Moltiplicate per 20 braccianti (basteranno?) e siamo a 375.000 KG = 375 tonnellate di pomodoro
E l’agricolo impenitente non ci guadagna niente dopo tutti questi camion di pomodoro? Come rientrerà delle spese vive, gasolio, mutuo sui mezzi agricoli, tasse (tante), acqua, attrezzature. E magari, qualcosa per far mangiare lui e la sua famiglia glieli vogliamo dare?
Siamo onesti, ora al bando l’ironia, ma possono vivere in questo modo?

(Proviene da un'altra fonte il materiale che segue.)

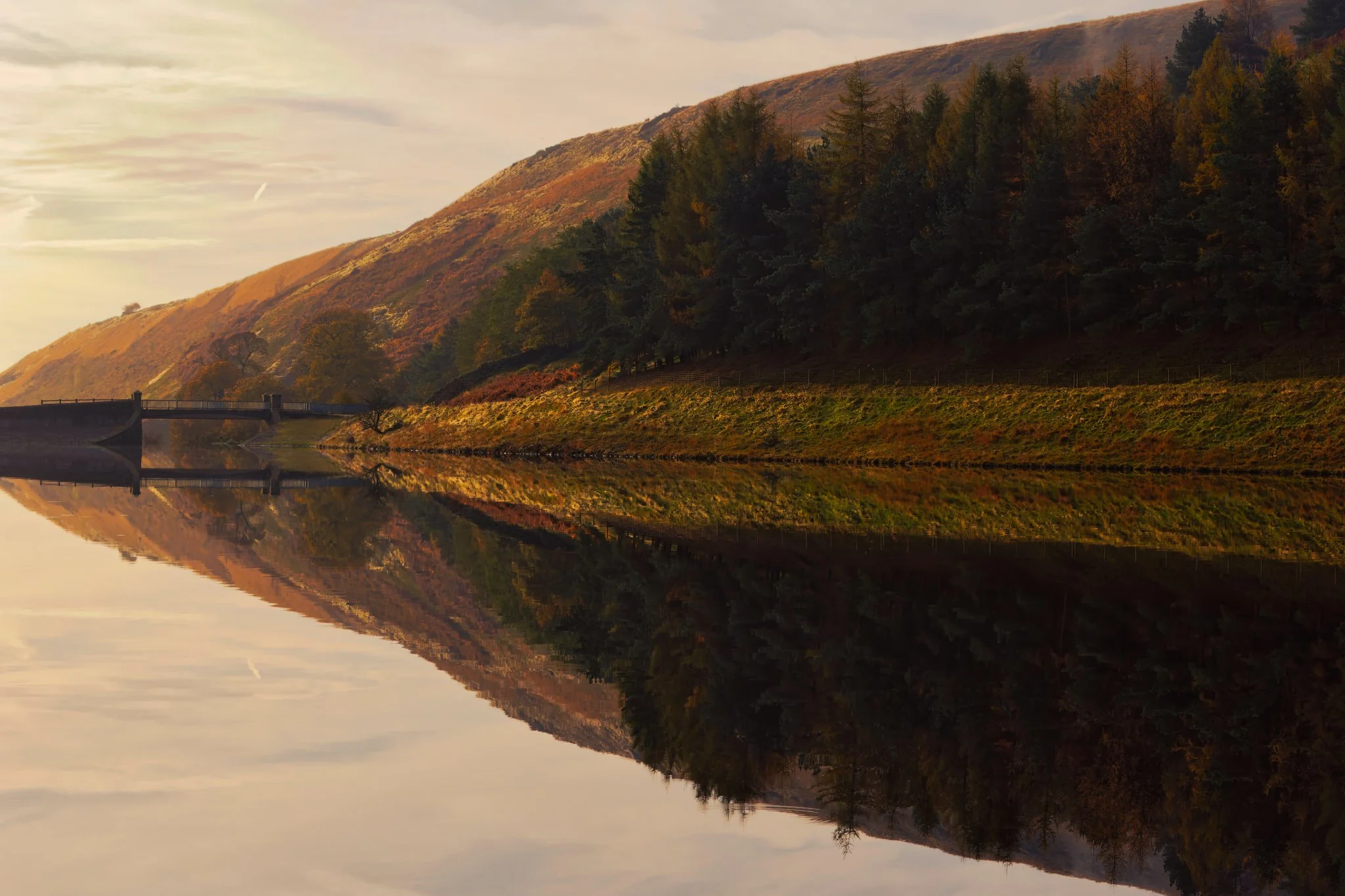 Naden Higher Reservoir — a wider view of the reservoir and surrounding slopes, bathed in gentle, diffuse light.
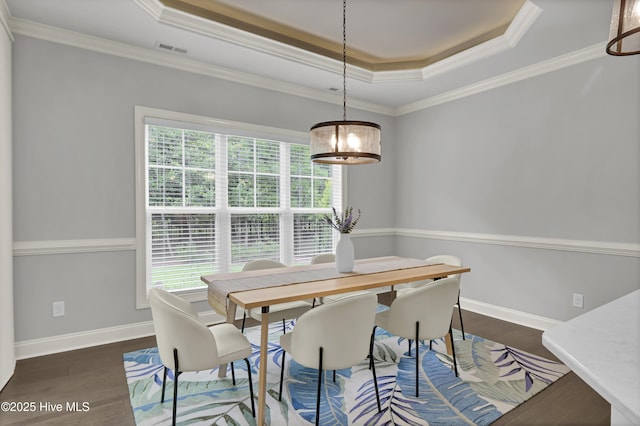 2233 Whiskey Branch Dr, Wilmington, NC 28409 - dining room featuring a tray ceiling, healthy amount of natural light, wood finished floors, and crown molding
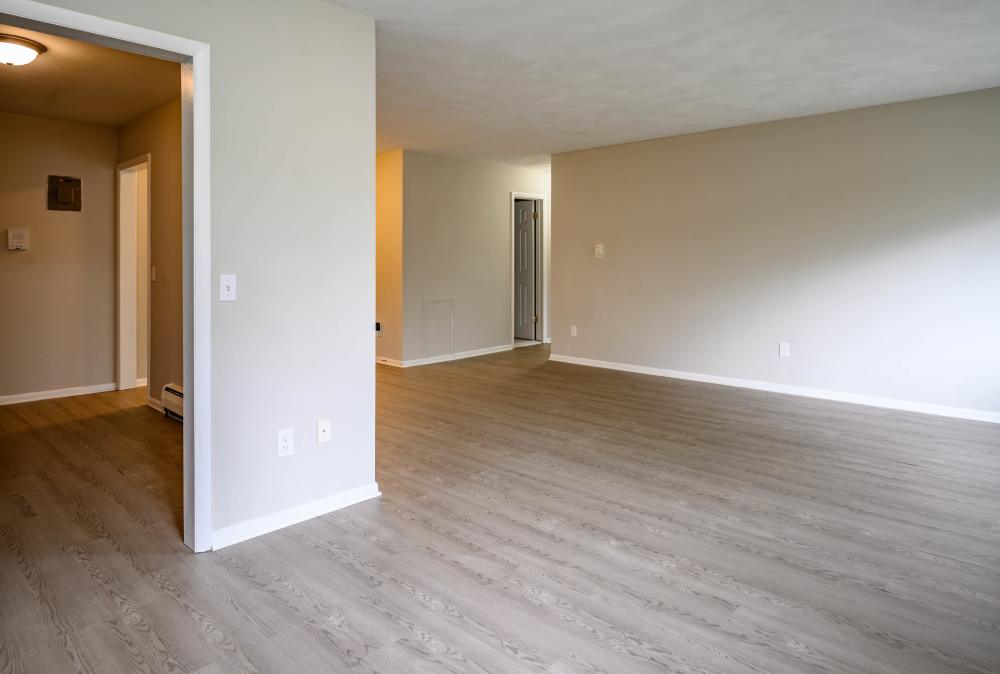 Living area with wood flooring at Country Manor Apartment Homes in Webster. NY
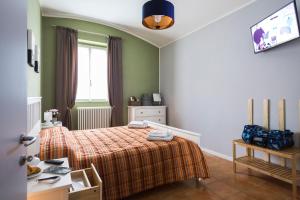 Un pat sau paturi într-o cameră la Polvara Trentuno Accommodations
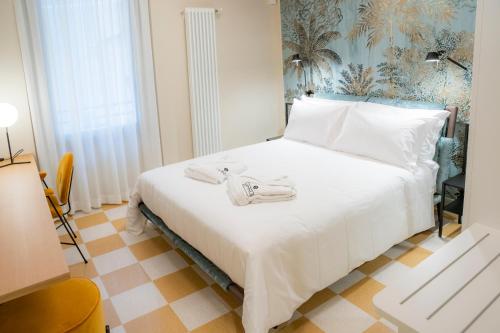 a bedroom with a white bed with towels on it at Palazzo Scappi Gardi Luxury Apartments in Bologna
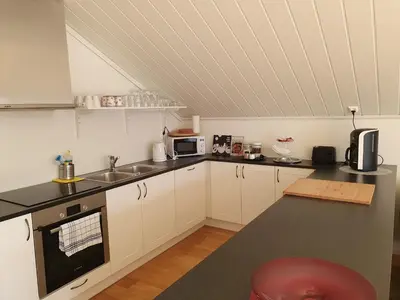 a kitchen with white cabinets and a black counter top at Lauvøy Feriesenter in Askøy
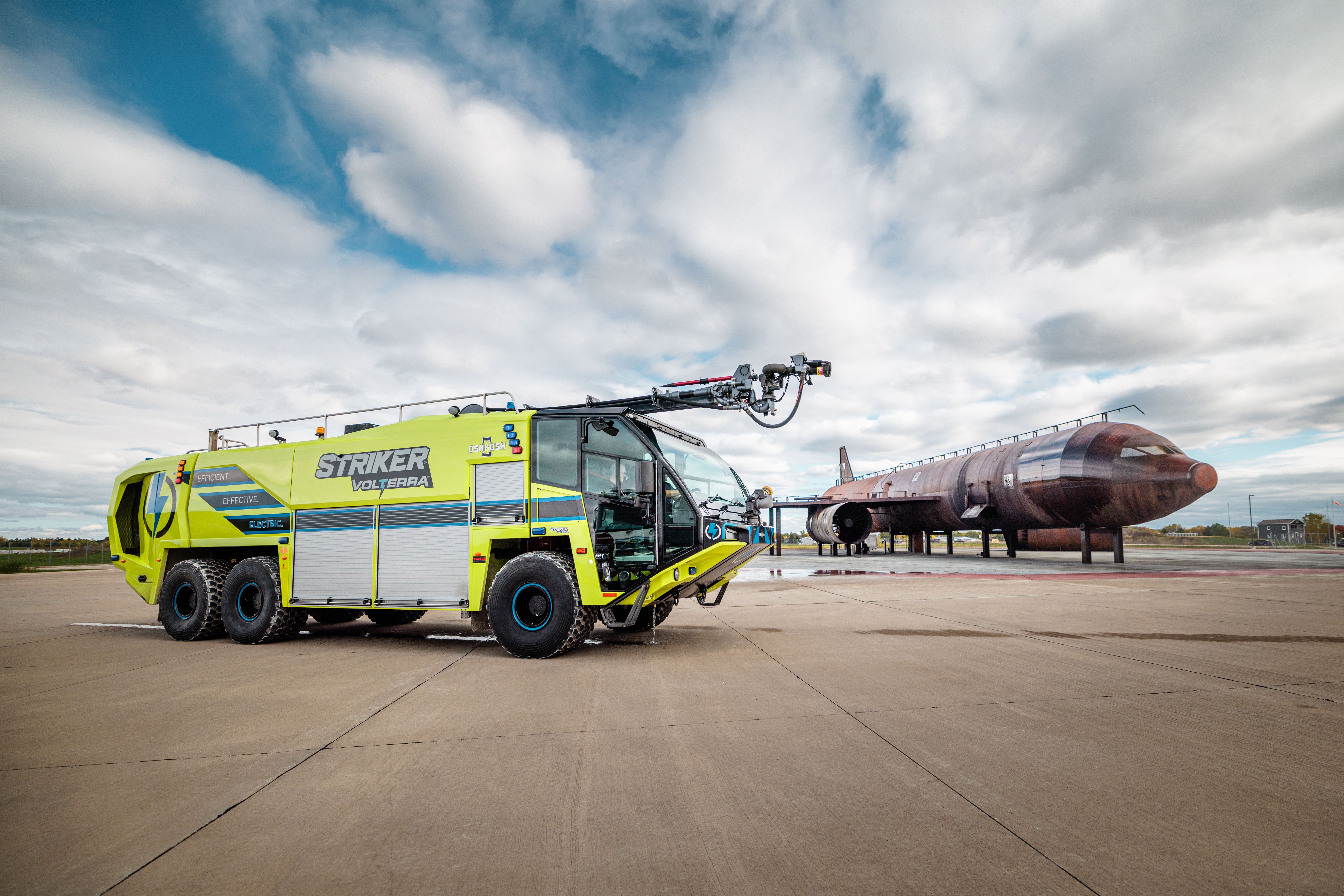 A Striker Volterra Electric ARFF parked outside on a cloudy day.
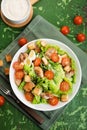 Caesar salad with chicken fillet, tomatoes, croutons and parmesan in a plate on a rustic wooden background Royalty Free Stock Photo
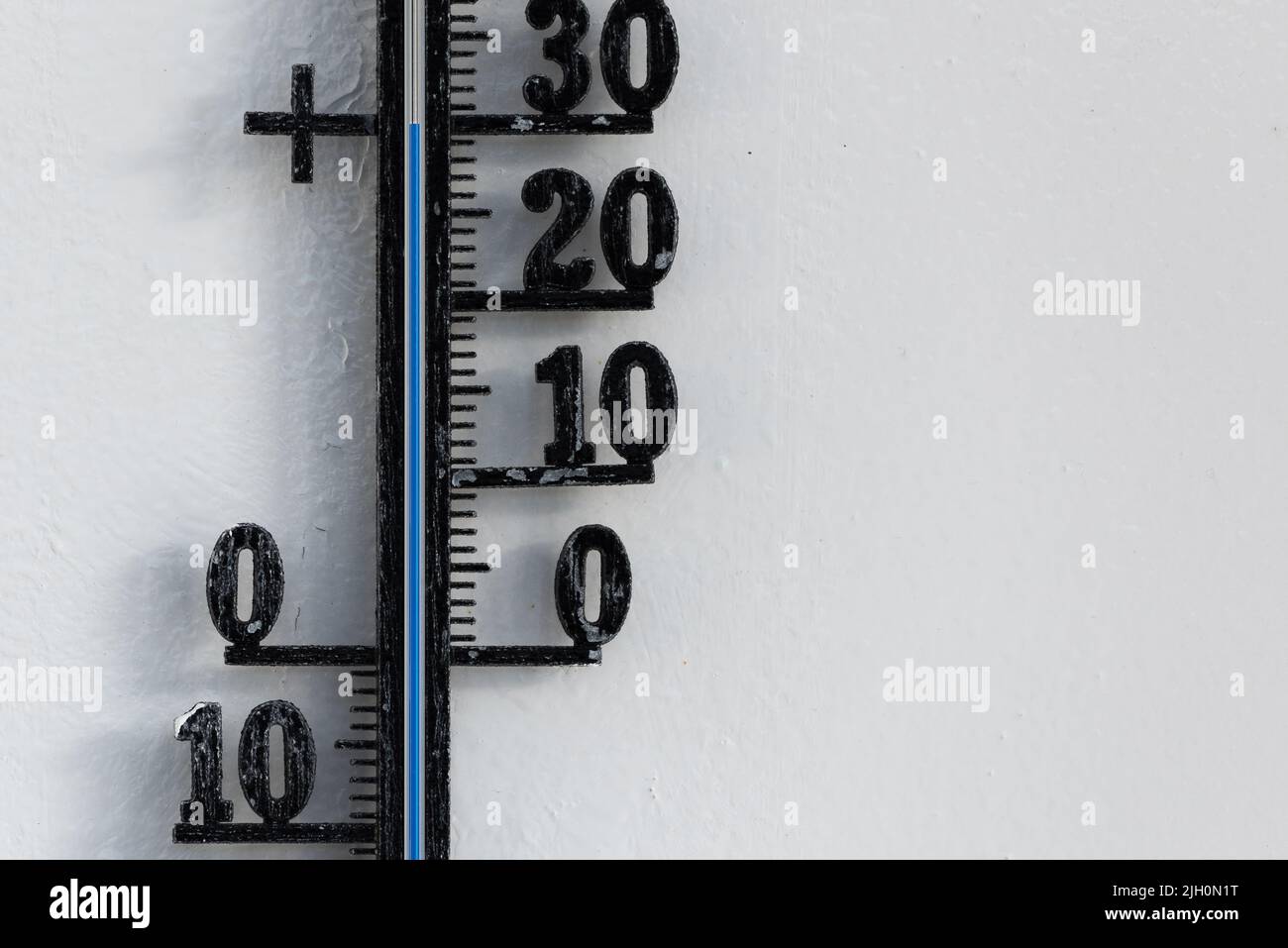 Classic black analog thermometer hanging on white wall displaying blue temperature scale of thirty, 30 degrees celsius Stock Photo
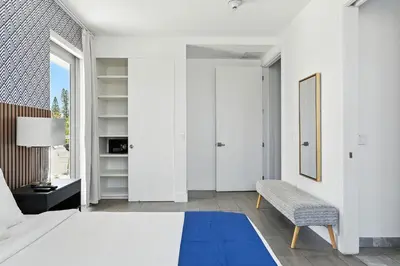 a bedroom with a white bed and a blue rug at Apto 2 Quartos c/ Varanda South Beach Central in Miami Beach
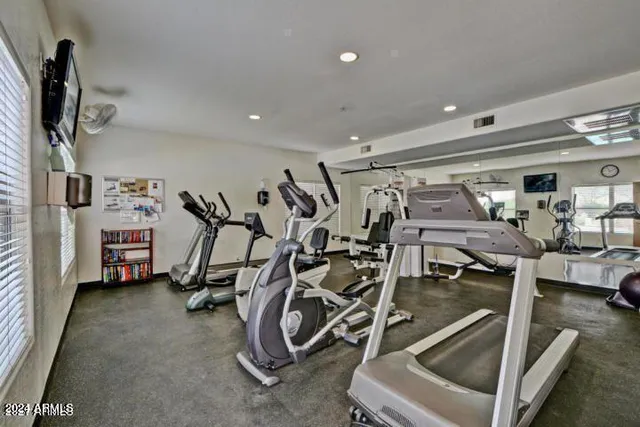 a view of a room with gym equipment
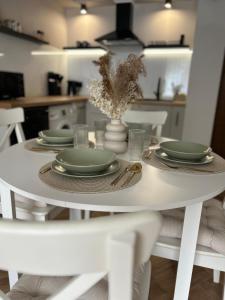 una mesa de comedor blanca con platos verdes. en Apartament Kosynierów, en Przemyśl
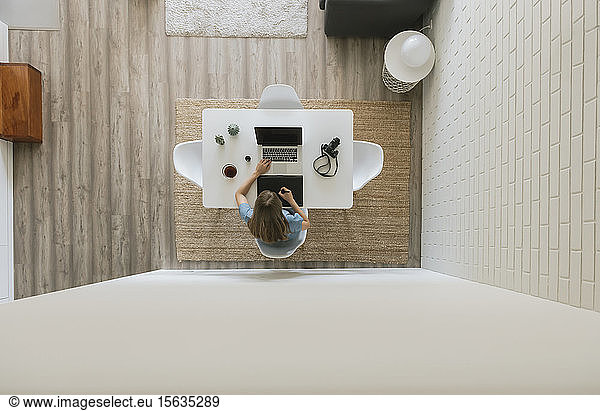 Woman sitting at table working on graphics tablet and laptop top view
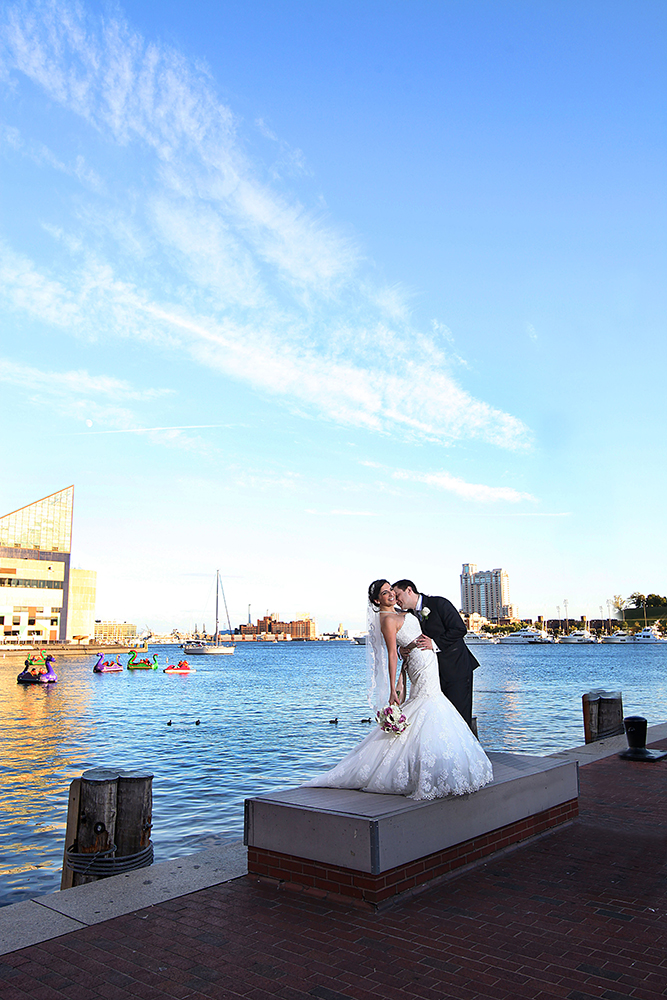 Newlyweds kiss on bench by water, celebrating love and new journey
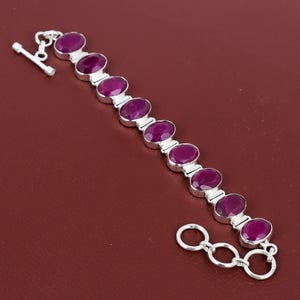 May include: A silver bracelet featuring nine oval-shaped, deep magenta-colored faceted stones set in individual metal frames. The piece includes a toggle clasp closure with a bar and a circular ring, connected by a series of small silver links.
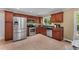 Eat-in kitchen features wooden cabinets and stainless steel appliances under bright natural light at 2279 Parkview Cir, College Park, GA 30337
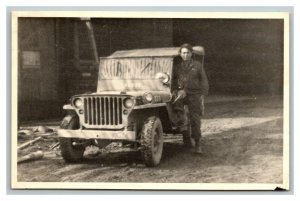 Vintage 1940's Postcard US Army Soldier Poses Next to Jeep in German Town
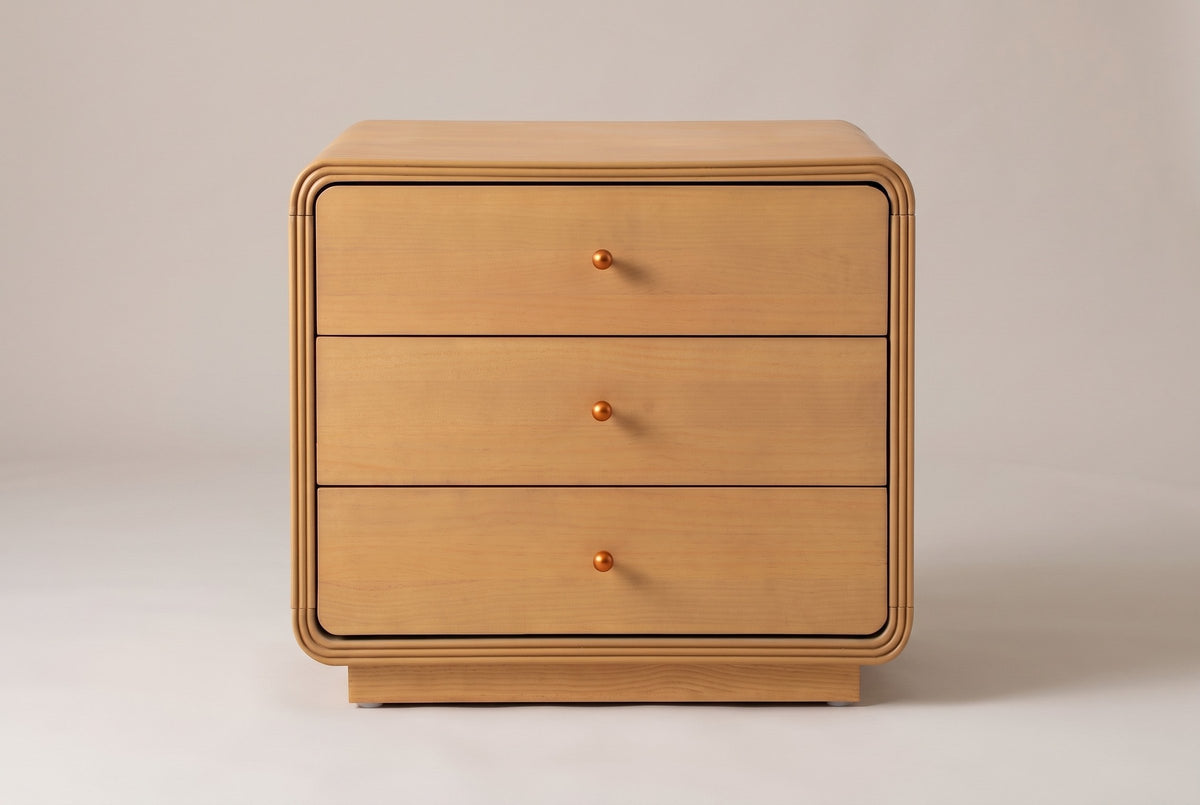 Parma nightstand in Natural, straight front view: three drawers, three ball knobs, a grooved surround and a recessed plinth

Se il pomodoro invece di essere acquistato sul campo a 8 centesimi al chilogrammo, fosse acquistato al suo prezzo giusto ed invece di guadagnarci tutta una filiera di 5 o 6 passaggi dal contadino a noi che compriamo il prodotto (magari a 50/60 centesimi al Chilogrammo), non sarebbe più equo?
Quindi vediamo che il caporalato ha terreno fertile la dove le multinazionali e la filiera “spennano” l’agricoltore, che è obbligato a prendere lavoro “sporco” per far fronte ai prezzi che il mercato ha IMPOSTO e quindi se non fa così, se non si piega al prezzo imposto, non può vendere e fallisce.
Se vogliamo dare la “colpa” a qualcuno, non diamola all’agricoltore che non mette in regola le persone che lavorano per lui, diamo la colpa al SISTEMA che il mercato ha imposto, un mercato guidato dalle multinazionali, da una filiera senza scrupoli che non vede altro che il mero guadagno e porta, difatto, all’attuazione di metodi lavorativi rasenti la schiavitù nei modi e nei metodi (ma quale partita IVA???). Si, compreso lo stesso agricoltore impenitente che deve anch’esso ammazzarsi nel campo per guadagnare qualcosa, sempre che non gli capiti la visita di qualche lestofante che gli riassetta i mezzi.
I nostri governanti, bisogna che trovino un modo per dare dignità a chi lavora nei campi, dall’agricoltore al lavoratore stagionale, questo basterebbe ad evitare caporalati ed evasioni fiscali di ogni genere e che lascino a casa le note con le belle parole e gli aggettivi ricercati per dar enfasi, qui servono fatti, leggi che accorciano la filiera e che regolamentino il mercato che, in modo indiretto, alimenta il caporalato.